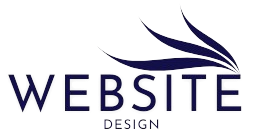 Website Logo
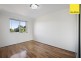 9/14-16 Conway Road, Bankstown NSW 2200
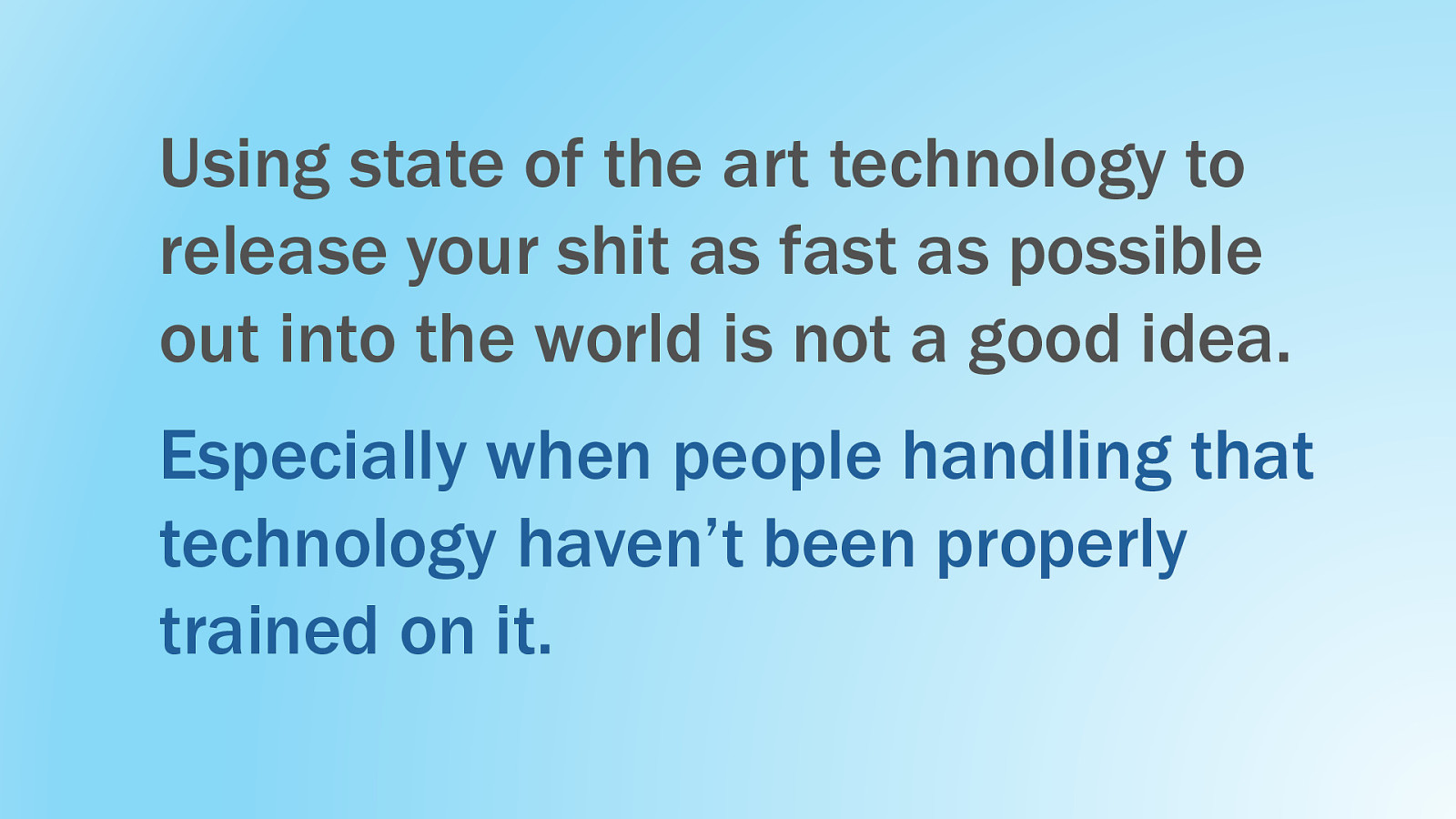 Slide 5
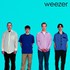 Weezer, Weezer [Blue Album] mp3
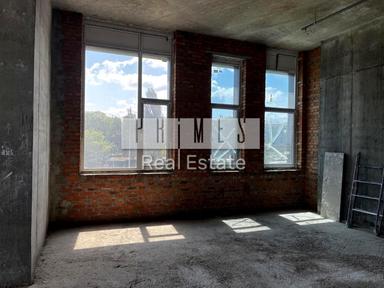 Commercial real estate at st. Beresteyskiy prospektpr t Pobedy (area 70 m²) - Atlanta.ua - photo 17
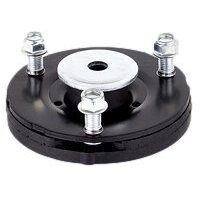 Strut Mount (D-Max 12+/BT50 21+)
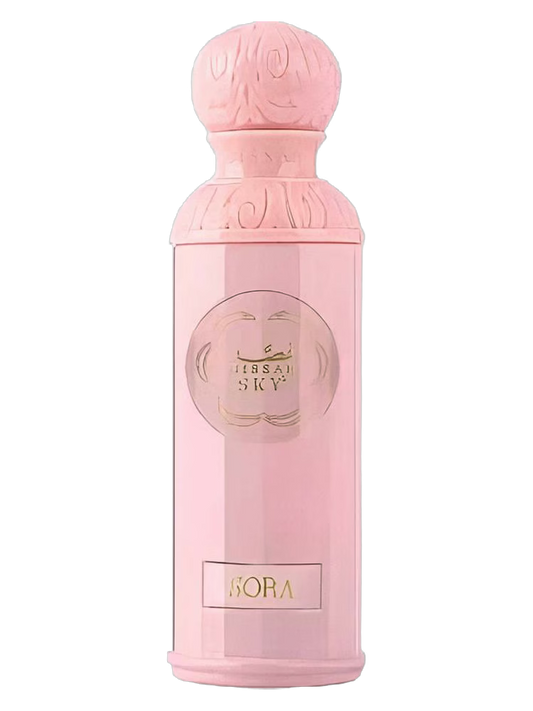 Gissah Sky Sora Eau De Parfum fragrance product image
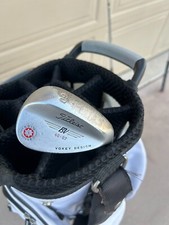 Titleist vokey design for sale  Surprise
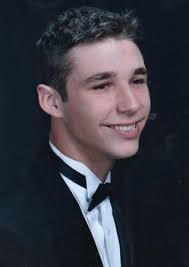 Mrs. Margaret "Jean" Golden Obituary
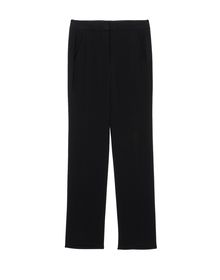 Dress pants - SONIA RYKIEL
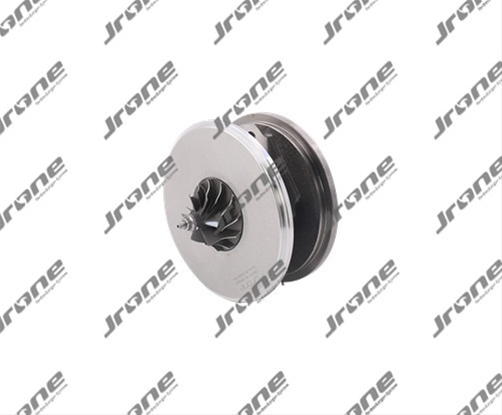 Imagine pentru produsul „ANSAMBLU CORP CENTRAL  TURBO GARRET GTB1549LV"
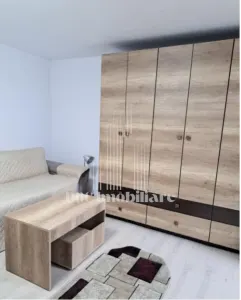 Apartament 1 camera București - poza 2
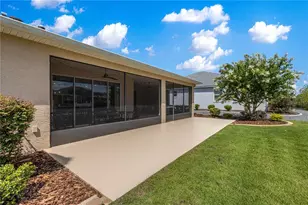 9041 SW 88th Pl, Ocala, FL 34481 - Photo 53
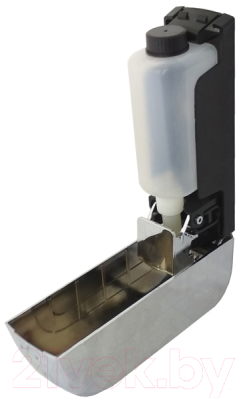 Дозатор Ledeme L408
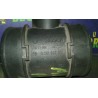 Recambio de caudalimetro para alfa romeo 156 1.6 16v t.spark progression referencia OEM IAM 0281002309  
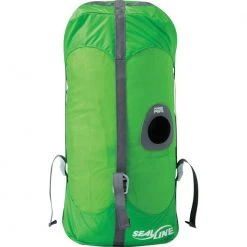 SealLine BlockerLite Compression Dry Sack Stuff Sacks & Dry Bags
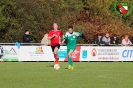 TSV 05 Groß Berkel 7 - 0 TC Hameln_6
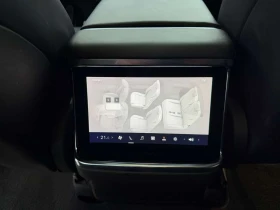Tesla Model X * Plaid * PANO* ПОДГРЕВ* KEYLESS* - 62000 € / 121261.46 лв. - 97373425 17 | Car24.bg Tesla Model X * Plaid * PANO* ПОДГРЕВ* KEYLESS* - 62000 € / 121261.46 лв. - 97373425 17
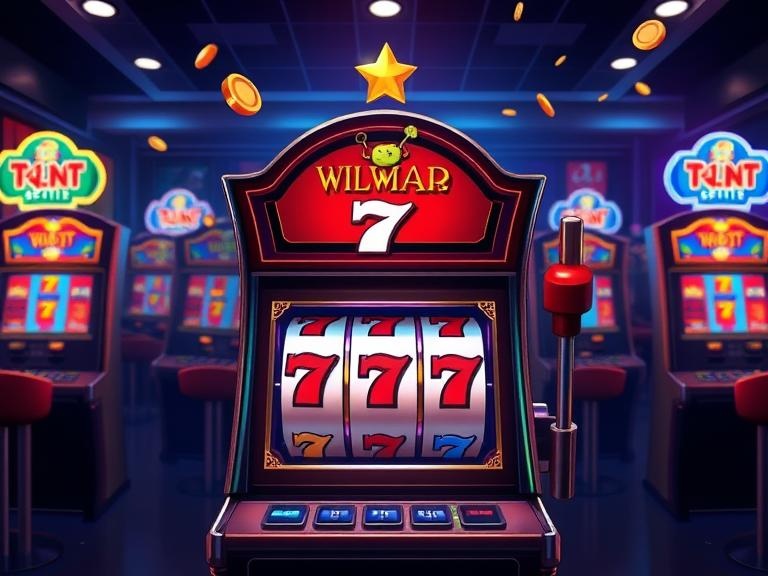 600 bet vip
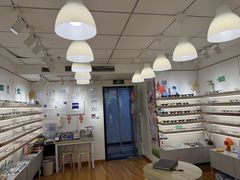 -刺鸟眼镜(黄岛直营店)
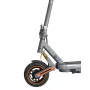 KEPOW E12 Foldable Electric Scooter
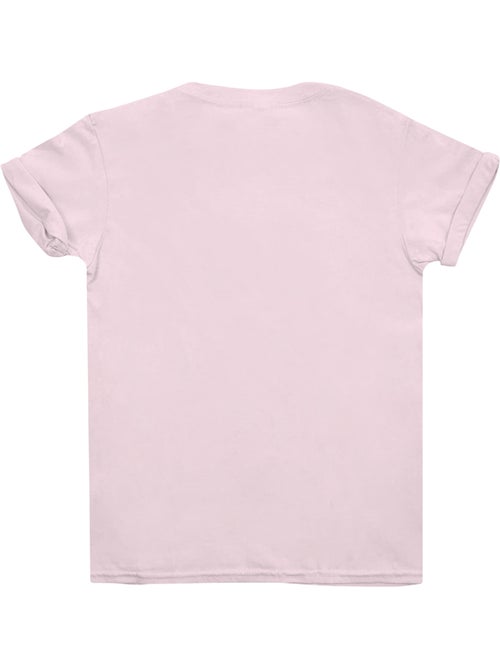 Disney - T-shirt (Mickey Mouse) - Kiabi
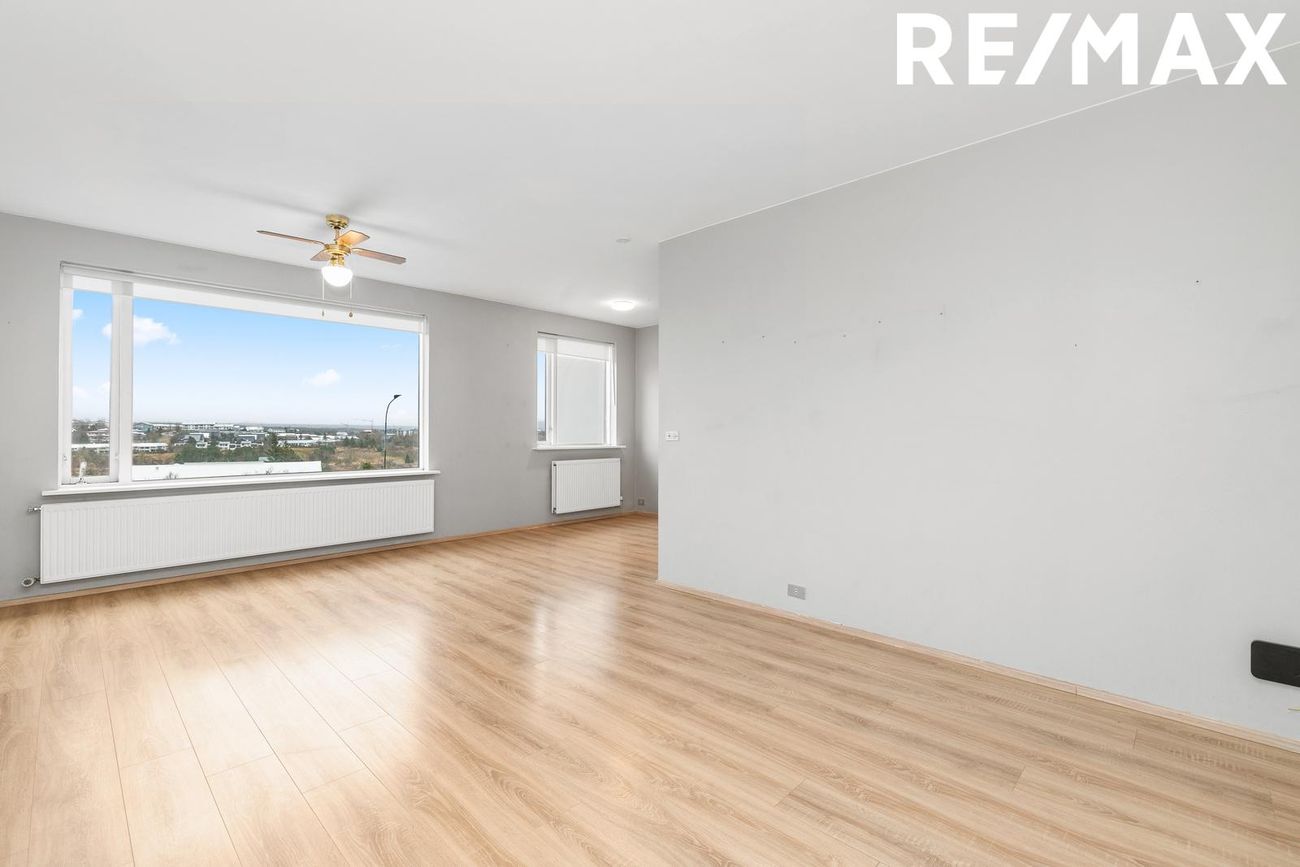 Súluhólar 2, 111 Reykjavík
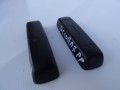 DSC00421.JPG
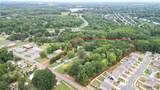 2209 Charlotte Highway - Photo 2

☆ ☆ ☆ ☆

■ **Exercise brief**
What you write must match, line for line, the lines from the one with "KEPOW E12 Foldable Electric Scooter" through the last line of the data above, minus the pictures.

■ **Answer to the exercise**
 KEPOW E12 Foldable Electric Scooter
 Disney - T-shirt (Mickey Mouse) - Kiabi
 Súluhólar 2, 111 Reykjavík
 DSC00421.JPG
 2209 Charlotte Highway - Photo 2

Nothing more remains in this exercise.